Oh, what would the damned in hell give for a sermon, could they but listen once more! They would consent, if it were possible, to bear ten thousand years of hell’s torments, if they might but once more have the Word presented to them! If I had a congregation such as that would be, of men who have tasted the wrath of God, of men who know what an awful thing it is to fall into the hands of an angry God, how would they lean forward to catch every word.
If sinners will be damned, at least let them leap to hell over our bodies. And if they will perish, let them perish with our arms around their knees, imploring them to stay. If hell must be filled, at least let it be filled with the teeth of our exertions, and let not one go there unwarned and unprayed for.
We rob the gospel of its power if we leave out its threatenings of punishment.
You are hanging over the mouth of hell by a single thread, and that thread is breaking. Only a gasp for breath, only a stopping of the heart for a single moment, and you will be in an eternal world, without God, without hope, without forgiveness. Oh, can you face it?
It is a very remarkable fact that no inspired preacher of whom we have any record ever uttered such terrible words concerning the destiny of the lost as our Lord Jesus Christ.
The vague and tenuous hope that God is too kind to punish the ungodly has become a deadly opiate for the consciences of millions.

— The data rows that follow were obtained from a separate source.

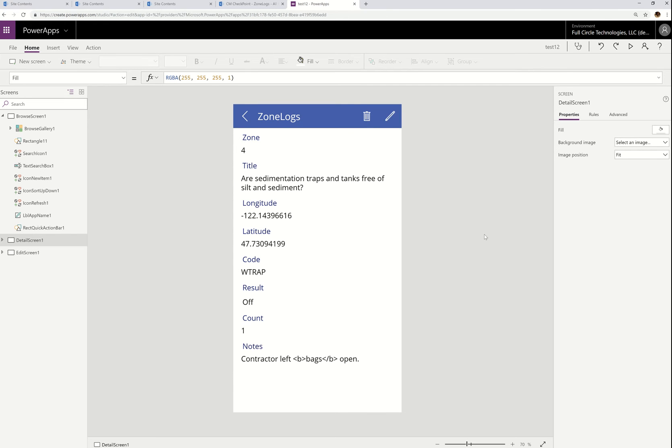Hello, everybody. I wanted to take a few minutes and go over some of these new things that we've released recently that you may not have noticed. They're not really new features — they're just new experiences around the features that existed already. So I want to talk about two things.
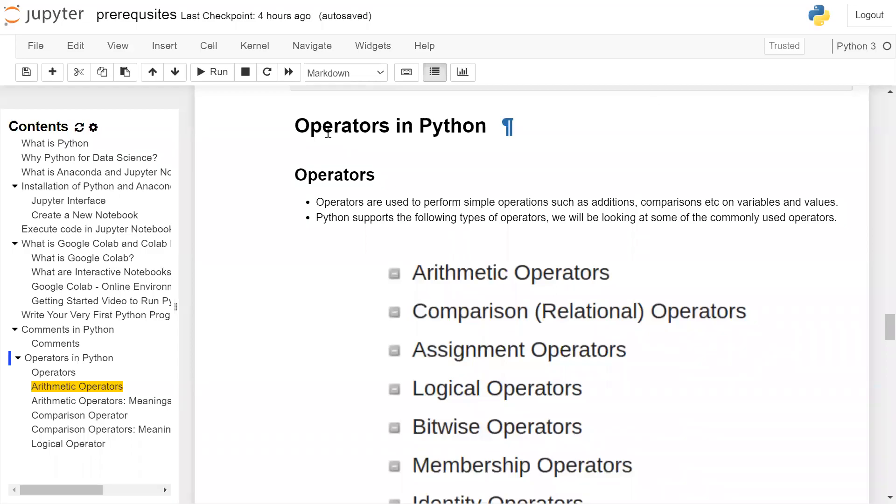Operators in Python. Operators are used to perform simple operations such as addition, comparison, etc. on variables and values. Python supports following types of operators.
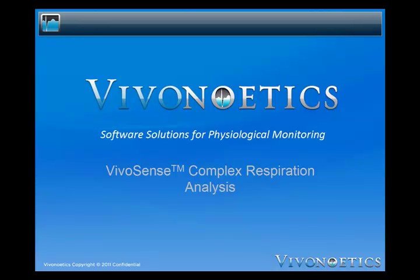Welcome to the VivoSense Complex Respiration Analysis Module video. The VivoSense Complex Respiration Analysis Software module includes analysis tools that enable a user to maximize the utility of respiratory measurements.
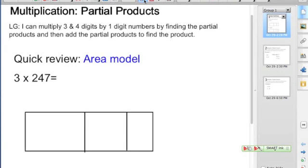We're going to continue looking at partial products, but this time we're going to be looking at partial products with 3 and 4 digit numbers by 1 digit number. We're going to look at the area model.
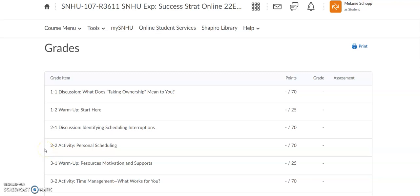Hello SNU 107 students. I wanted to take a minute and walk you through how to find your grades in your Brightspace classroom, and where to find the graded feedback that your faculty will leave you when they grade your assignments from week to week.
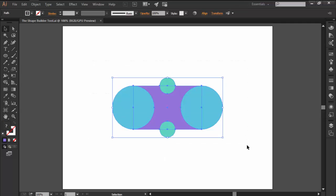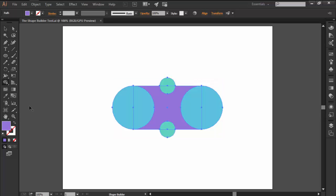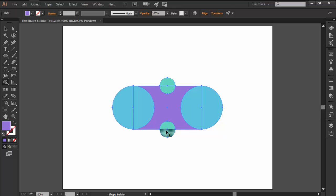The way it works is pretty simple. You start by selecting the path that you want to adjust, and once you're done you can switch over to the tool by selecting it from the left side toolbar or by using the Shift-M keyboard shortcut. If you hover over our shapes, you can easily see that Illustrator treats each overlapping section as its own object, which means that compared to the Pathfinder method you won't have to create duplicates in order to obtain a certain shape.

The problem here is the obvious lack of understanding of the infinite nature of sin as contrasted to the infinite righteousness of God. If the slightest sin is infinite in its significance, then it also demands infinite punishment as a divine judgment. Though it is common for all Christians to wish that there were some way out of the doctrine of eternal punishment because of its inexorable and unyielding revelation of divine judgment, one must rely in Christian faith on the doctrine that God is a God of infinite righteousness and well as infinite love. While on the one hand He bestows infinite grace to those who trust Him, He must, on the other hand, inflict eternal punishment on those who spurn His grace.